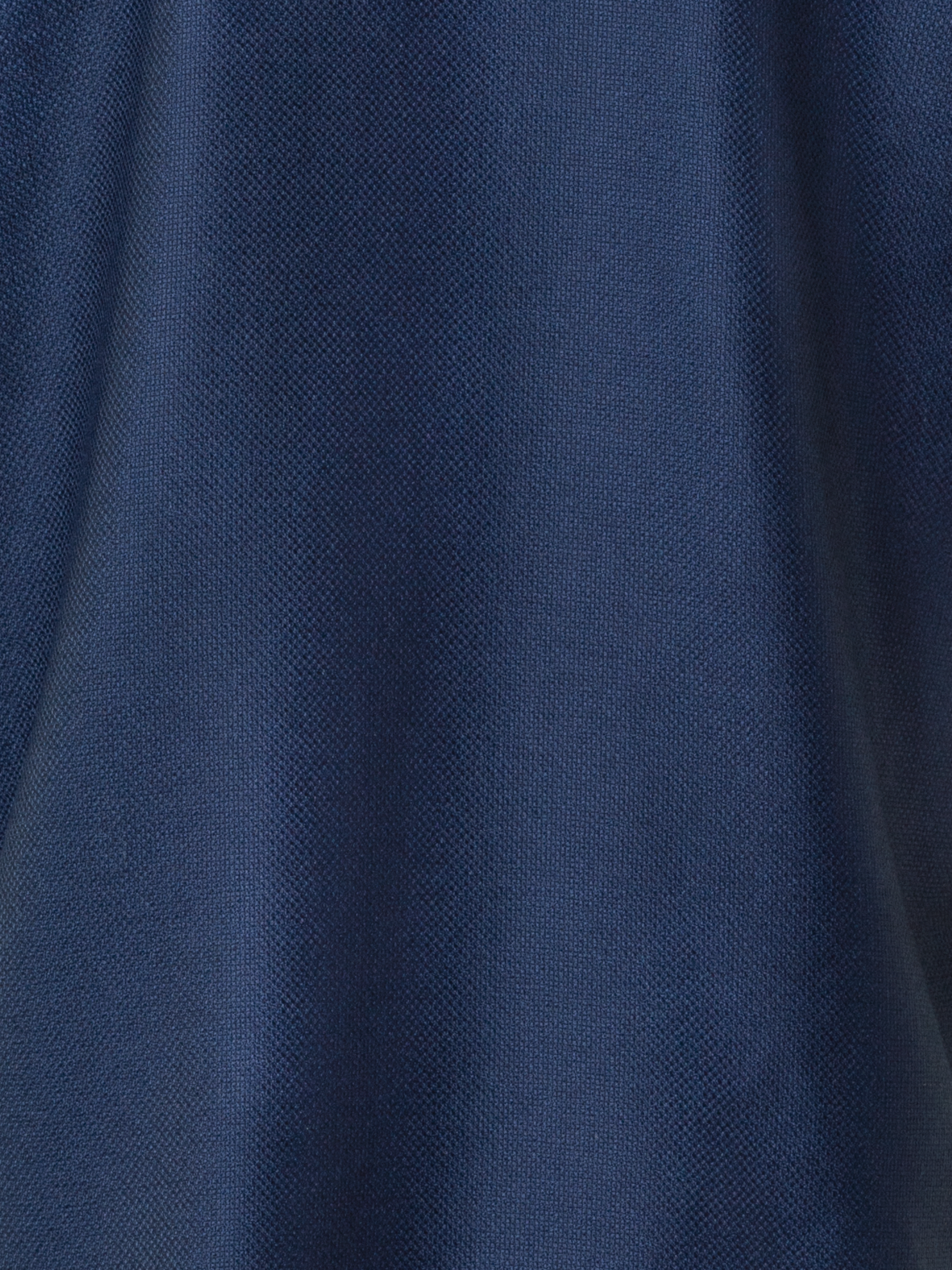 Designer Shirt Blouse in Panama Cashmere - neutral - navy - blue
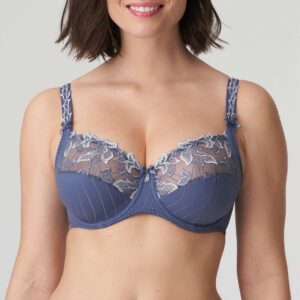 buy the PrimaDonna Deauville Full Cup Bra in Nightshadow Blue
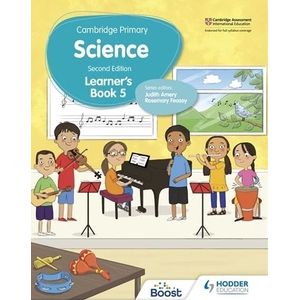 HODDER CAMBRIDGE PRIMARY SCIENCE 5 (2ND.EDITION) - LEARNER'S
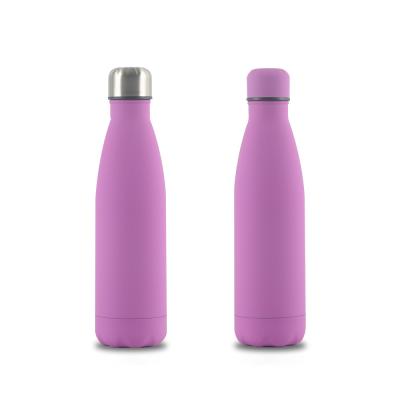 China PORTABLE 304 Stainless Steel Sports Water Bottle Bullet Mugs Cola Cup Shiny Outdoor Cups Keep Hot Cold Drinkware for sale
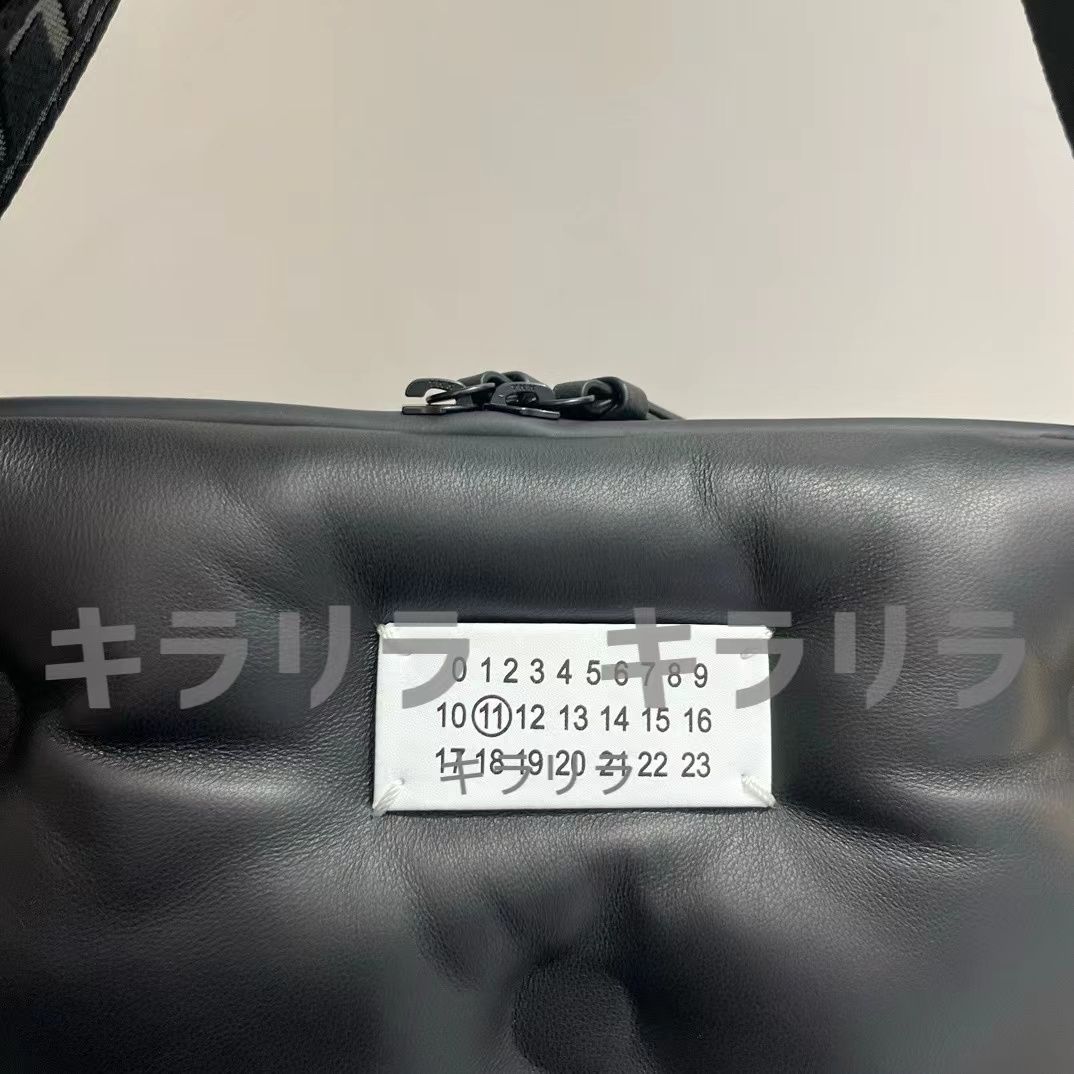 新品、Maison Margiela メゾンマルジェラ MM6 Glam Slam グラムスラム ショルダーバッグ ブラック - メルカリ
^^^^
Task to complete:
Nothing but the records above, retyped exactly and stripped of images, should appear in the answer.

Answer for this exercise:
 Designer Shirt Blouse in Panama Cashmere - neutral - navy - blue
 buy the PrimaDonna Deauville Full Cup Bra in Nightshadow Blue
 HODDER CAMBRIDGE PRIMARY SCIENCE 5 (2ND.EDITION) - LEARNER'S
 China PORTABLE 304 Stainless Steel Sports Water Bottle Bullet Mugs Cola Cup Shiny Outdoor Cups Keep Hot Cold Drinkware for sale
 新品、Maison Margiela メゾンマルジェラ MM6 Glam Slam グラムスラム ショルダーバッグ ブラック - メルカリ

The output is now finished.